# Double garage costs?



## magpieV6 (Jul 29, 2008)

Hi peeps, I'm hopefully getting a double garage built in my back garden soon. I've never had this kind of work done before so any help would be great. I'm off to my council office this morning to pick up any info that will guide me. (If planning permission is needed etc) 

Ideally it would be built in similar bricks to the bungalow, possibly flat roof but unsure atm. 

How much would I be looking at roughly? It's into a slight bank so would need a digger etc. 

Any help would be fab! 

Cheers


----------



## Tricky Red (Mar 3, 2007)

£15,000 ??


----------



## Plane (Sep 1, 2008)

I build 40ft x 27ft with block, tiled roof and used steel to carry the roof so it's open inside to allow the use of a lift. 
Double glazing, remote door and a mezzanine level. 
I spend ~€22k
Could have done it a lot cheaper with a cladding roof, would have saved on both steel (~€4k I think), timber and tiles.


----------



## adlem (Jul 6, 2008)

Should be able to do it for about £15k, that's what I've budgeted when I do the same out the back of my bungalow.

Please avoid a flat roof though, I'd always recommend a pitched roof


----------



## ivor (Sep 24, 2008)

depends how fussy you ref the brick matching I went for a pre cast concrete which involved me getting a level base laid then they turned up and put it up in roughly 5hrs for an 10 X 8mtr garage and all in it came to 10k


----------



## moxy89 (Oct 9, 2009)

Most of the money is in the ground, the footings being dug and the concrete, also you have to consider the removal of the rubbish.
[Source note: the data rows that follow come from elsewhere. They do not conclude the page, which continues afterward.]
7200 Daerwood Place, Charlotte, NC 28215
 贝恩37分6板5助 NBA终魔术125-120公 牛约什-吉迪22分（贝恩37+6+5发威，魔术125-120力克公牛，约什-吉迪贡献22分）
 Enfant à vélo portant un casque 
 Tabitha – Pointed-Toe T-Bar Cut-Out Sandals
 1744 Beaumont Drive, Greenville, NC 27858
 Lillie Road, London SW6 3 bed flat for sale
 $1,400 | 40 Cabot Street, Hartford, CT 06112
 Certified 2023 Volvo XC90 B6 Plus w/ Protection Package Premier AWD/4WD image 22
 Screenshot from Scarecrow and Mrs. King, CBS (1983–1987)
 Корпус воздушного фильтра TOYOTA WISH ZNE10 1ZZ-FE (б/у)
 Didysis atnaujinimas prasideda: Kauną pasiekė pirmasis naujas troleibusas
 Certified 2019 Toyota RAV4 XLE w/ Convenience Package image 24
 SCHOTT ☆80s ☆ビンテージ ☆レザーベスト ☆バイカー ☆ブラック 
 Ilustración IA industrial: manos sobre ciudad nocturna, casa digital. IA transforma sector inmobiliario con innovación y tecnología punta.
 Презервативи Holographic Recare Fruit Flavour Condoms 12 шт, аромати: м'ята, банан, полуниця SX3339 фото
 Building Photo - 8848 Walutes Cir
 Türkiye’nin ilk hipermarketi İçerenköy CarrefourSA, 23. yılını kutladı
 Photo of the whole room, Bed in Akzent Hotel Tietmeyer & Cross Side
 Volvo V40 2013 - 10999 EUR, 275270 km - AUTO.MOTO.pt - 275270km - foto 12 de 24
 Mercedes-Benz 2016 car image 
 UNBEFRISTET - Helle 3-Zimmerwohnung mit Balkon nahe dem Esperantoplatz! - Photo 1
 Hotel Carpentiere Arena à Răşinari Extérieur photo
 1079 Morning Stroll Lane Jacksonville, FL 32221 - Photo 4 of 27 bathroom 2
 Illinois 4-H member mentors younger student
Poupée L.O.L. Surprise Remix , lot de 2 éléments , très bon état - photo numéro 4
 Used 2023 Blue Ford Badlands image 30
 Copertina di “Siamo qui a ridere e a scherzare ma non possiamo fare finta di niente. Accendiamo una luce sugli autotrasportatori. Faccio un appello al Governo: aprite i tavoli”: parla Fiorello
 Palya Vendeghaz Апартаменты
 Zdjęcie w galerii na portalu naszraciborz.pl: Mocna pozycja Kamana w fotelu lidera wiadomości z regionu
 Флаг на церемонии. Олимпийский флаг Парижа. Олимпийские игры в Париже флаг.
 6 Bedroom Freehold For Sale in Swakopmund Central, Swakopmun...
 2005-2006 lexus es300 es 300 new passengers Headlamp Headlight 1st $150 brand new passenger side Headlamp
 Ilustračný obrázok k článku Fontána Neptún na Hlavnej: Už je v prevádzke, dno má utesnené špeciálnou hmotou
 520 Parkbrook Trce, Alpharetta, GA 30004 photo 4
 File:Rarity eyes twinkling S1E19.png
Skips and grab lorries are expensive. I all depends on what you are after, pitch roof ? Or flat roof? Concrete blocks or blocks and bricks, it's all done to spec, last one I built was over 37k


----------



## V6dan (Feb 7, 2014)

there is a lot of variables to take into consideration and itll be hard to guess a price without knowing what your after. iv just finished a double garage which will cost the bloke well under 15k but a couple of years ago i built one that would of cost over 30. also materials and wages vary in different areas, dont be put of by flat roofs the new fibreglass ones are expensive but are guaranteed for 25-30 years if you use approved contractors that said a pitched roof looks much nicer imo.


----------



## ESPEC (Jul 12, 2014)

Man I would love a double garage! Seen some custom built as much as £45k plus .


----------



## Fizzleh (Apr 2, 2014)

I think most the cost is the door itself, depending on how fancy you want it (assuming you have the planning permission)


----------